DESCRIPTION OF THE TASK:
Your task is to reproduce exactly the lines that run from the beginning of the data through the line where "Mid-Century Balinese Macassar" appears.

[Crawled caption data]
==*==
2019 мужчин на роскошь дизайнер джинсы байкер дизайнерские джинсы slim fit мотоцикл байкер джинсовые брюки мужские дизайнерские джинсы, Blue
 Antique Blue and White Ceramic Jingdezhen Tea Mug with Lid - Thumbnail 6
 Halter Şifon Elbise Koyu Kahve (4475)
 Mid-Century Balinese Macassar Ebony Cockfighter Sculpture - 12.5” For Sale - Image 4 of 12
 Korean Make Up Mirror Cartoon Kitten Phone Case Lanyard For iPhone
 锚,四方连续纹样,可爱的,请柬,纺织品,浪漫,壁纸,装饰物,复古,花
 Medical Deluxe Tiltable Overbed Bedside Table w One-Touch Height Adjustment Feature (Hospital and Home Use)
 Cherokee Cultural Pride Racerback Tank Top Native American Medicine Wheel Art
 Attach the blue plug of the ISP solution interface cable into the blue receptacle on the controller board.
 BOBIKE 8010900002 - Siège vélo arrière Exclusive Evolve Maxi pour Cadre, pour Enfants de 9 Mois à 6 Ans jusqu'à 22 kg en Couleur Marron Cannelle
==*==
RESPONSE TO THIS TASK:
2019 мужчин на роскошь дизайнер джинсы байкер дизайнерские джинсы slim fit мотоцикл байкер джинсовые брюки мужские дизайнерские джинсы, Blue
 Antique Blue and White Ceramic Jingdezhen Tea Mug with Lid - Thumbnail 6
 Halter Şifon Elbise Koyu Kahve (4475)
 Mid-Century Balinese Macassar Ebony Cockfighter Sculpture - 12.5” For Sale - Image 4 of 12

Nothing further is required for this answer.